=== Your instructions ===
Without including the pictures, copy each line below exactly as it reads.

=== Items listed in a dataset ===
BEGIN

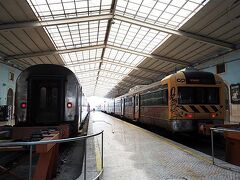 エントロンカメントから普通列車で
リスボン到着。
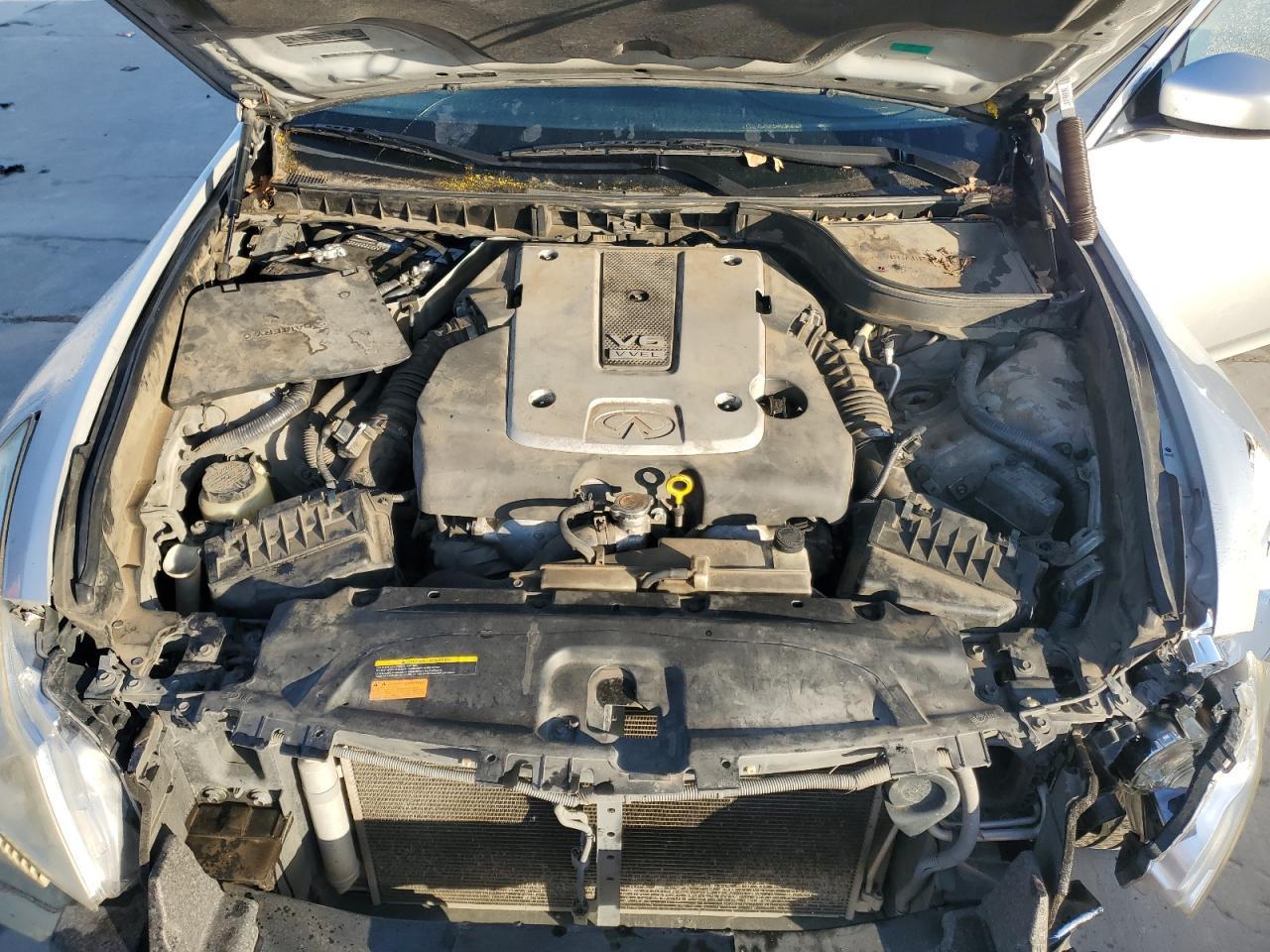 2011 INFINITI G37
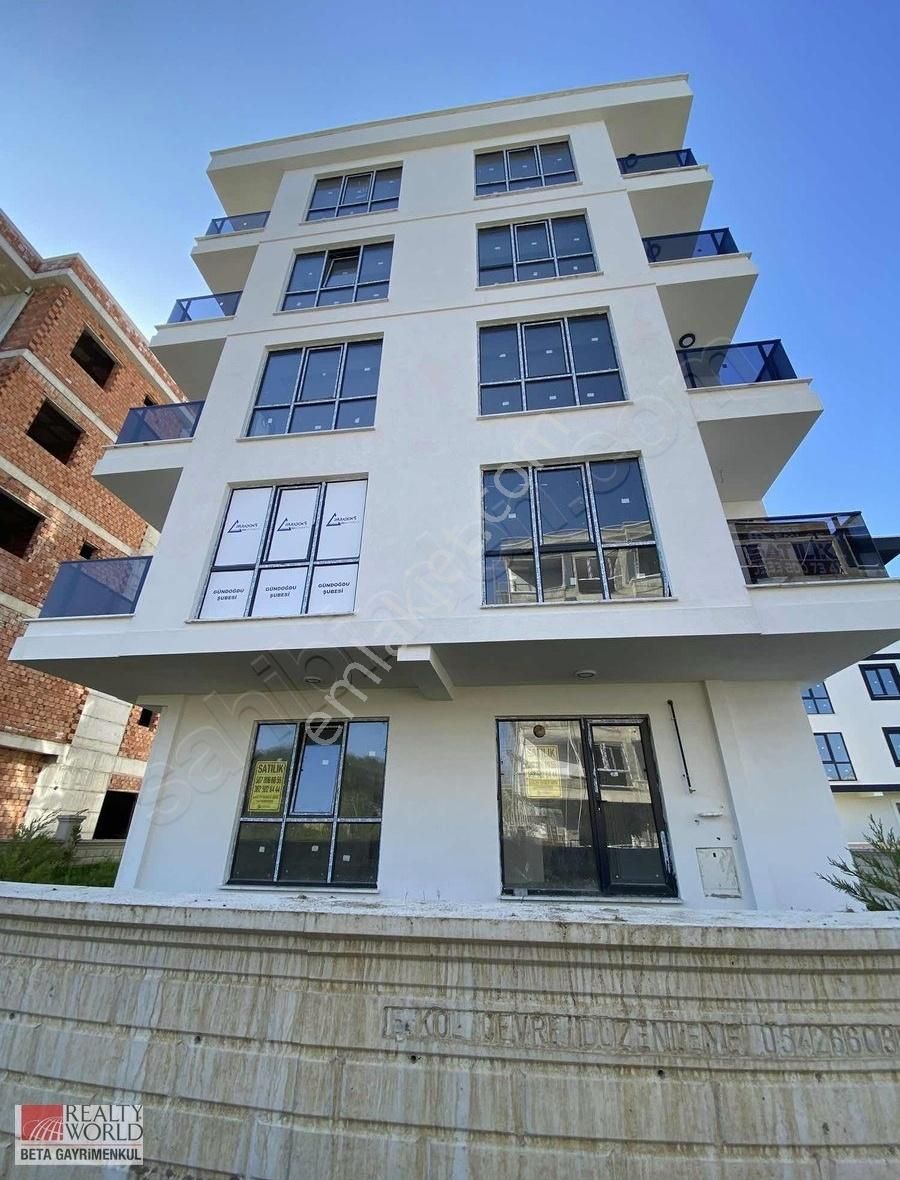 Rw Beta Çarkırlar'da Anayola Yakın Satılık Lüks 2+1 Daire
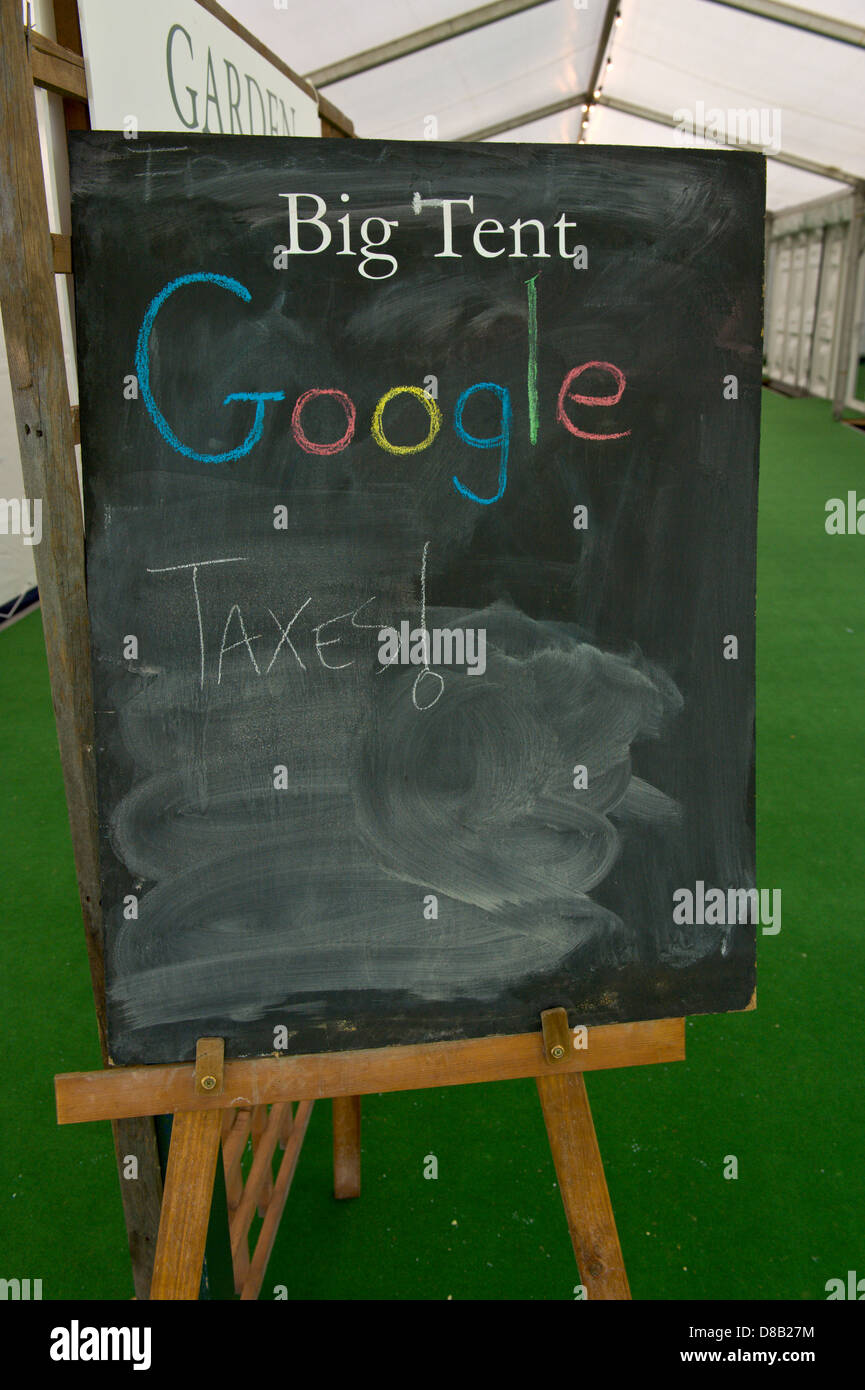Chalkboard fuori Google tenda grande sono stati qualcuno ha scritto le tasse! Al Festival di Fieno Hay-on-Wye POWYS REGNO UNITO Foto Stock
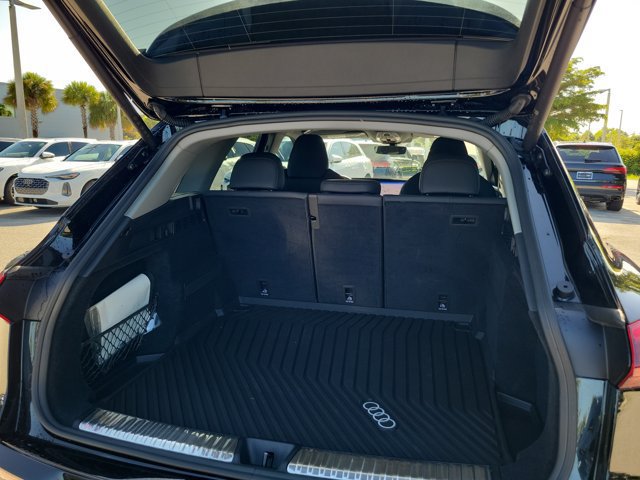 Certified 2025 Audi Q5 Premium AWD/4WD image 8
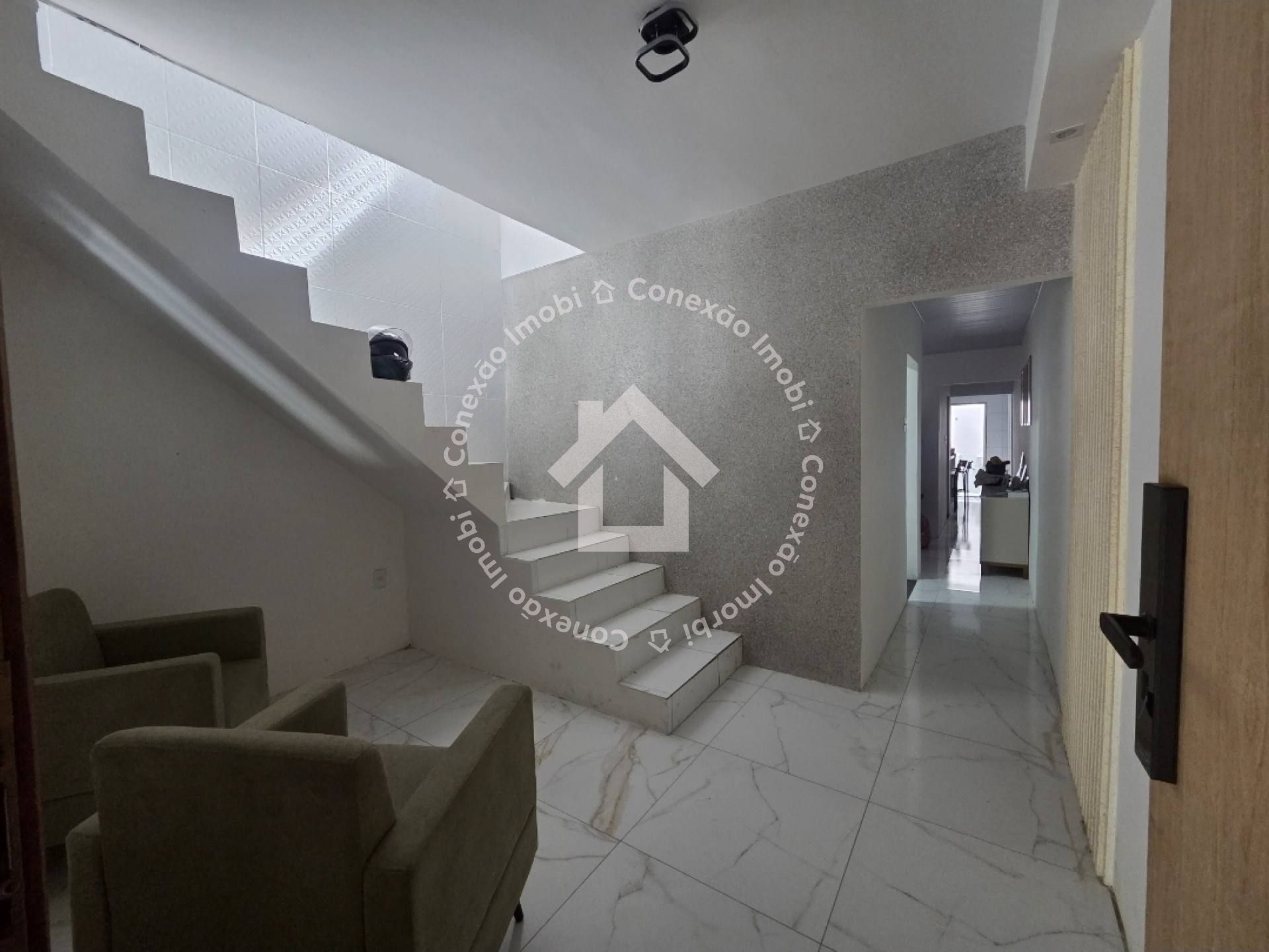 Casa à venda no Dom Luciano com 3 quartos, suíte, varanda e excelente localização próxima a comércios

END

=== Reply to the task ===
 エントロンカメントから普通列車で
リスボン到着。
 2011 INFINITI G37
 Rw Beta Çarkırlar'da Anayola Yakın Satılık Lüks 2+1 Daire
Chalkboard fuori Google tenda grande sono stati qualcuno ha scritto le tasse! Al Festival di Fieno Hay-on-Wye POWYS REGNO UNITO Foto Stock
 Certified 2025 Audi Q5 Premium AWD/4WD image 8
 Casa à venda no Dom Luciano com 3 quartos, suíte, varanda e excelente localização próxima a comércios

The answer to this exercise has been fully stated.